The National Data Opt-Out does not need to be applied when informed consent is in place, unless this is promised to individuals. Please note the right to object must still be respected and that it is the responsibility of the organisation which obtains consent to manage this locally.

There is no universal statutory power to disclose confidential patient information, just as there is no general power to obtain, hold or process it. This reflects that legal gateways are created in response to the specific requirements of the public bodies that rely on them and the scope of discretion conferred to the authority.

The list below shows some examples, but is not exhaustive:

  • Children’s Act (1989) allows certain organisations to obtain confidential patient data to safeguard and promote the wellbeing of children
  • Civil Contingencies Act (2004) allows certain organisations to obtain data as part of their statutory duty to plan and prepare for, advise about, respond to and recover from emergencies

Some legislation compels data sharing to occur for a specific reason and other legislation creates discretionary powers to share confidential information where it is necessary and proportionate to do so.

For example, where it is impossible or impracticable to gain the consent of individuals for medical research and the use of anonymised information would not achieve the desired outcome, researchers can apply for the duty of confidentiality to be temporality lifted. This is achieved though Section 251 of the National Health Service Act 2006 and its current Regulations, The Health Service (Control of Patient Information) Regulation 2002.
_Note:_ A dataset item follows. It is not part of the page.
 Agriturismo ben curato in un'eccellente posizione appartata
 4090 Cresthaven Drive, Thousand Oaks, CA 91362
The ‘gateways’ through which information can be shared must be detailed in the application, with due reference to the:

  • express statutory powers – these are powers expressly conferred by specific legislation (such as an Act of Parliament)
  • implied statutory powers – these are powers that are not necessarily explicitly set out in the legislation but are properly and reasonably regarded as incidental to the express power
  • prerogative and common law powers – these are powers that can be exercised by government ministers to do things which are ancillary or incidental to the ordinary business of central government but are limited by the restraints of public law and constitutional principle

Health Service (Control of Patient Information) Regulations 2002

In England and Wales, Section 251 of the NHS Act 2006 (originally section 60 of the Health and Social Care Act 2001) provides a temporary gateway to permit the use of patients’ medical information without their consent. Such disclosures are permissive, not mandatory.
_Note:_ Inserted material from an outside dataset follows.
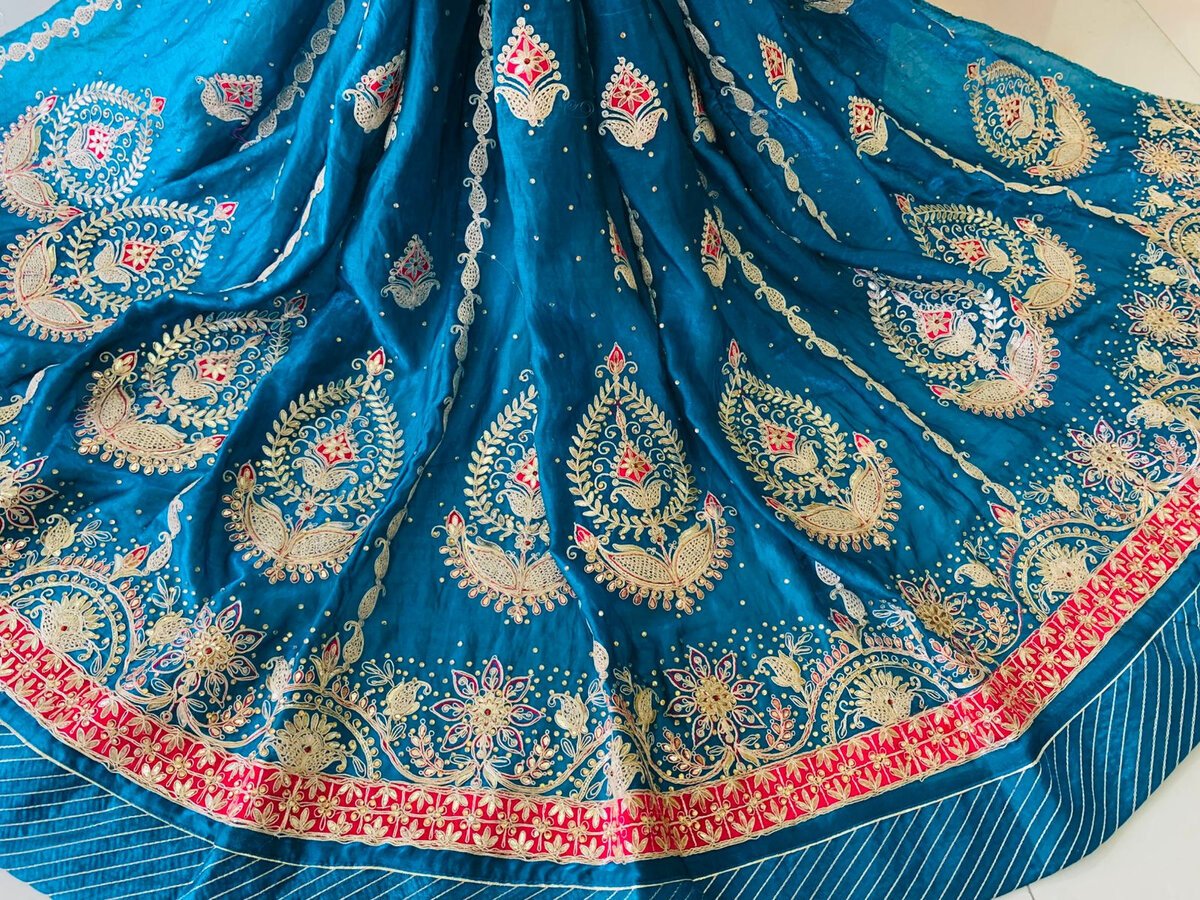 Gajmoti Poshak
Where support has been obtained under the Regulations and will operate as the gateway to set aside the common law duty of confidentiality, the application must include:

  • a copy of the section 251 support approval letters, including amendments
  • copies of documents reviewed by the approving body
  • confirmation of current support (for example presence on the Confidentiality Advisory Group (CAG) register and/or the applicant’s latest annual review submission)

Processing of anonymised data does not fall within the scope of the Regulations as access to anonymised information would not involve a breach of confidentiality.
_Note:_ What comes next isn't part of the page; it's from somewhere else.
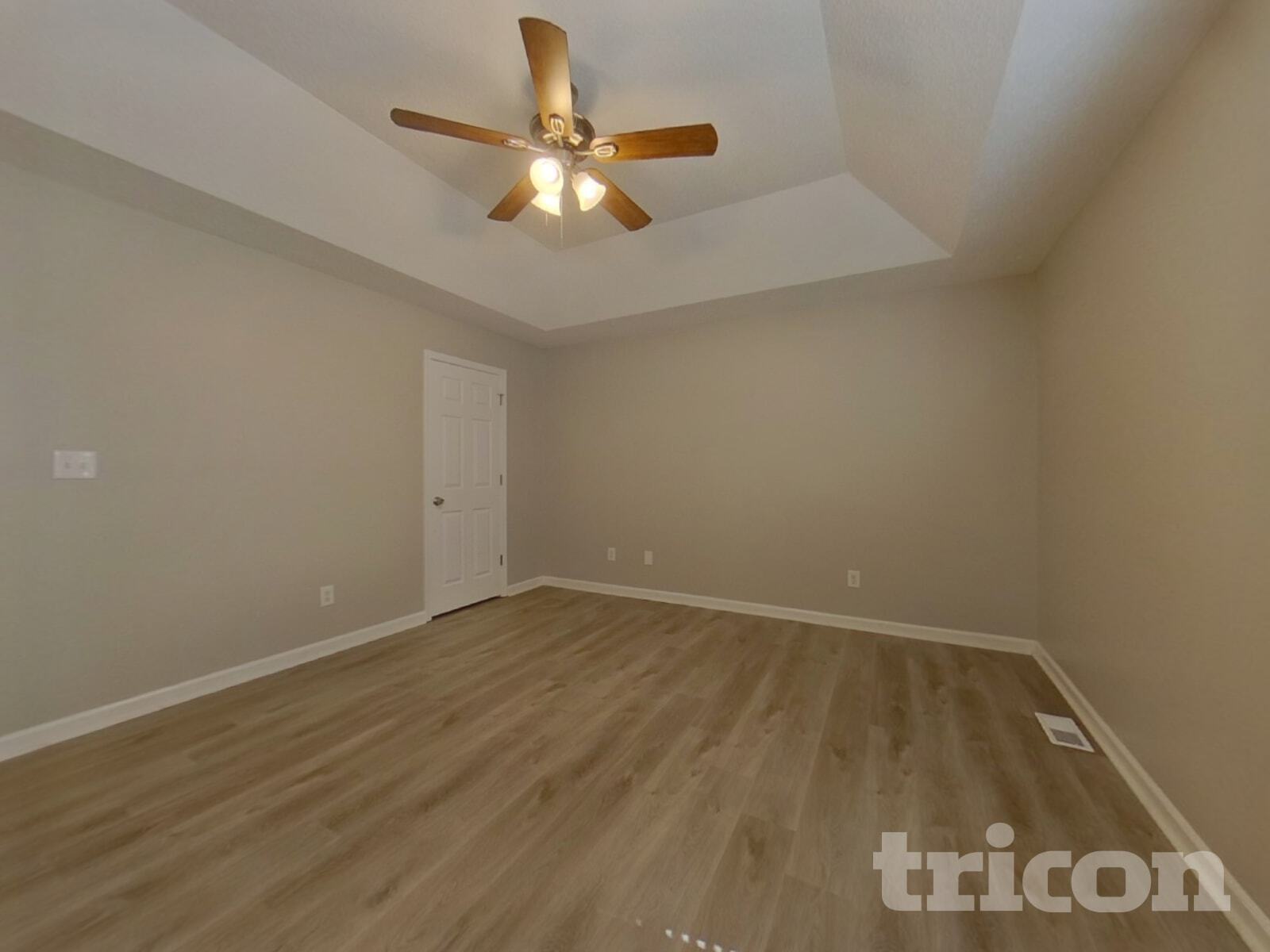 Building Photo - 210 Legend Dr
It is expected that before completing an application for support under the Regulations, all reasonable alternatives to the processing of confidential patient information are considered. These must be discussed with UKHSA prior to submitting an application for any approvals. Where UKHSA is supportive of the project, the Data Release and Acquisition team will provide a letter of support that can accompany the application.

Guidance on the application process to the CAG is available from the HRA.

All processing of confidential patient information that relies on Regulation 5, unless specifically exempted by the Secretary of State, will require the National Data Opt-Out to be upheld. For further information, see Approval standards and guidelines: national data opt-out.